I do not think that Python actually comes with all batteries included. And in some areas support is pretty bad.
I recently hacked together a web client in python, my first project in that language. Documentation is excellent. Yet I am still horrified I had to use a language that provides so few static guarantees to control megawatt machines.
That, and the idea that class and function declarations are executable statements. Circular dependencies are "handled" by passing partially-initialized objects around; the Python interpreter handles this with no problems, but programmers have fun because nobody assumes incomplete initialization. I.e. Python's language semantics is broken by design in pretty fundamental areas. That said, it's good for banging something together quickly. Been there, done that, got the t-shirt. Just don't do anything that you need a team for with it, the lack of guarantees will really start to hurt.
What puts me off Haskell nowadays is the direct result of Haskell's roots in language research: Often when I come across a package that does what I need, it uses the conduit, lens or another idiom, which are like a language in a language to learn. In milder ways Python seems to suffer the same problem.
I think Python shares that problem with Lisp: it's so easy to add another meta-idiom that too many people actually do this, and most don't even think about composability or guarantees.
So please, developers: Write more batteries, but make them expose a neat lambda calculus interface if possible that can be combined freely with other batteries.
I sense a conflict of objectives here. Having many batteries pushes you towards wide APIs. However, the wider an API, the harder it is to make it combinable. More surface that must be made to match. Making an API that's feature-complete *and* narrow is really hard and takes a huge amount of designer and programmer time, plus the willingness to lose most of your existing user base for an unproven idea of improvement. This road is a really hard one, and you need corporate backing or personal obsession to follow it.

Batteries included is a bad idea when the community is this divided.
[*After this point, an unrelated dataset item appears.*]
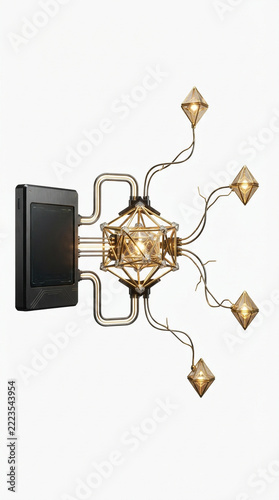 Cybernetic processor unit with ornate gold wiring and glowing crystalline diamond shapes.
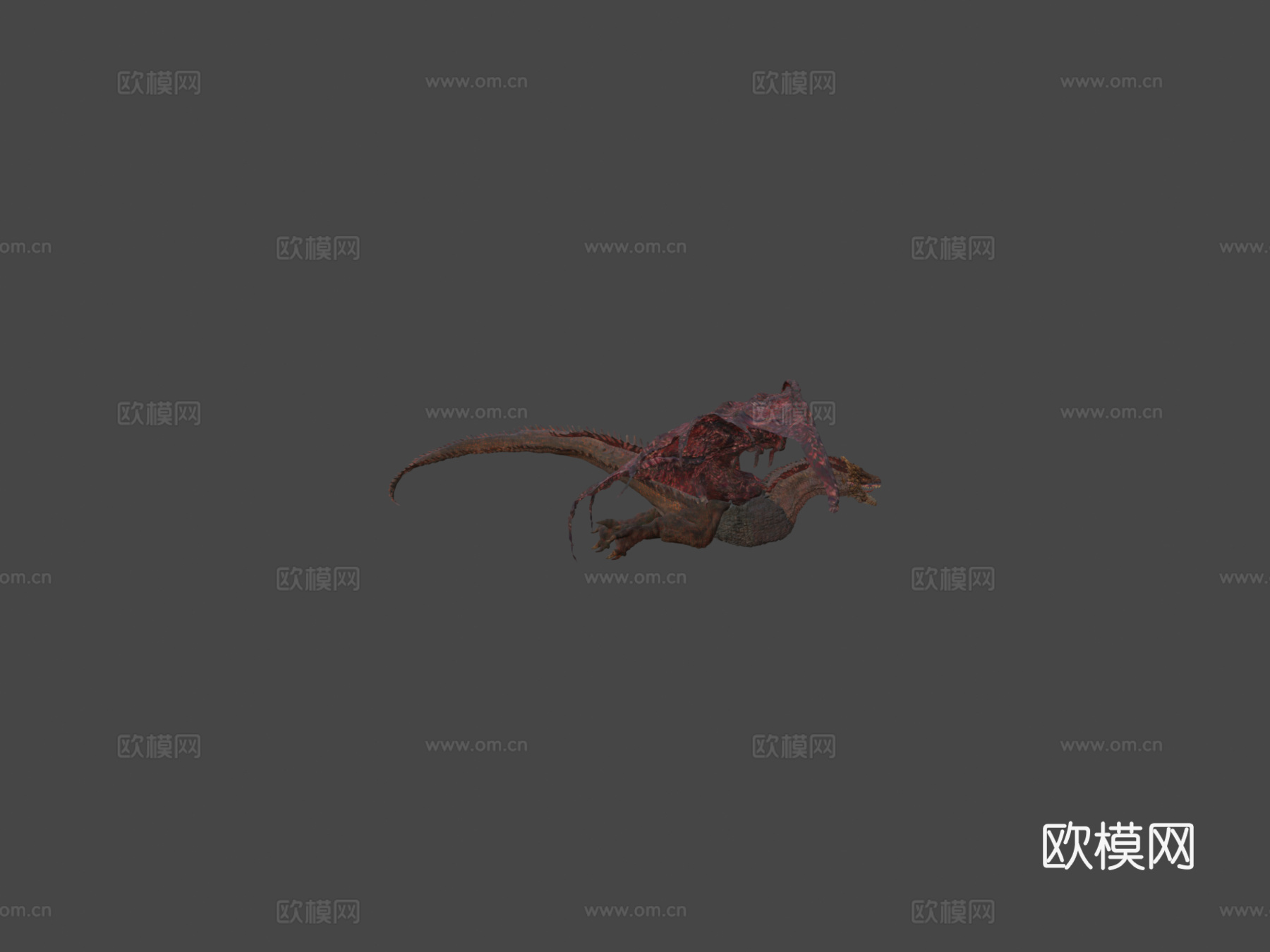 带纹理的黑暗巨龙基尔加拉3d模型下载（渲染图5）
Relative no-brainer topics in other communities like how text should
be represented are highly contentious.
I'd sooner see some basic test cases hammered out and integrated into
base before a real attempt at this is launched. Something that would
help the Cabal devs.
On Tue, Sep 27, 2016 at 6:14 PM, Joachim Durchholz
Am 27.09.2016 um 23:25 schrieb Olaf Klinke:
Can someone please define what exactly a "batteries included" standard library is?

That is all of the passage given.